Within signInSuccess, we use the isReader, isContributor, and isAdministrator methods defined in the Roles class to modify the value loaded into the msg variable. Then, we invoke the MainView’s setMessage method to render the message inside the view.

Conclusion and Next Steps

There you have it. You can use the approach demonstrated by this tutorial in your own Sencha Touch apps to read user roles from the server and modify the state or behavior of the app.

In the next tutorial on this subject we will go over a more complex example that will show you how to control the creation of views in your Sencha Touch application based on the user’s roles.

Stay tuned!

Comments

  1. Dawesi says

    Great tutorials here bro!

    In your example the model should be ‘Role’ as models are singular and stores are plural using sencha’s naming conventions.

    As a dev it’s also easier to quickly understand what object you are using by this convention (as i never read the dot folders at a quick glance)

    • says

      “Roles” in this example is similar to an enumeration.

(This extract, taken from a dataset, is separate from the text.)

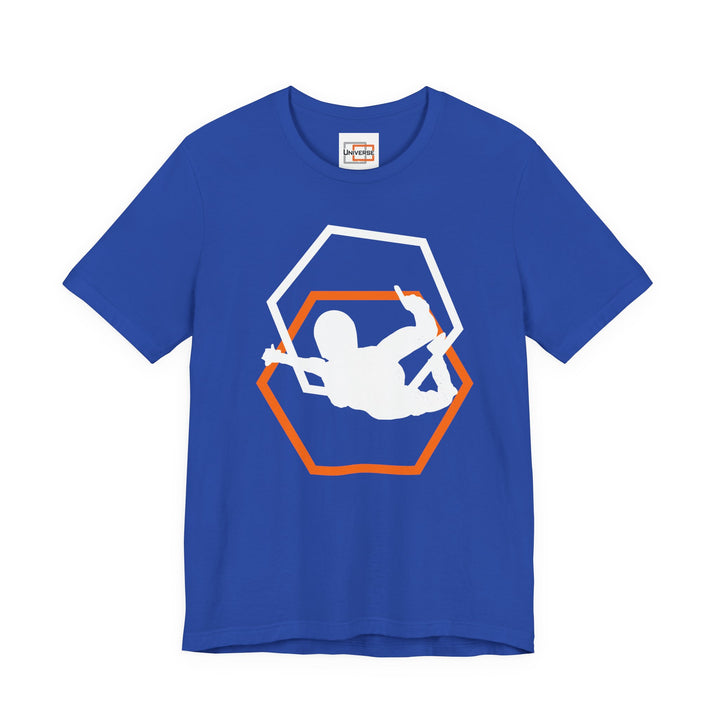 Minimal Skydiver Dark — Unisex Graphic Tee | Universe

I don’t know if you are familiar with them. I’m modeling the roles a user can play, not a role. Therefore, the convention does not apply. Or if you want to say that it applies, it’s safe to ignorig.

  2. Lucas says

    Great tutorial.
    Question, how is this truly secure? Would your web host (IIS/Tomcat) require authentication for your app? or if you are just calling a service with a username/password payload, how is that secured? encryption of some sort?
    Thanks!

    • says

      Nothing on the client side is secure. This is one of the problems with web applications. You have to encrypt your traffic with the server and validate everything sent from the client so you can clearly establish that the user is authentic and has the appropriate rights.

  3. Jeffrey says

    Jorge, this is simply awesome! I have been looking for a comprehensive – but – concise tutorial on mobile (Sencha) development. Great job!!

    Just curious — have you done any Sencha development where the backend database is say – Oracle or MS SQL Server?

    • says

      Thank you. I have done a few projects using Sencha Touch and a SQL Server backend. And I am currently reviewing a Sencha Touch project with .NET backend that connects to Oracle.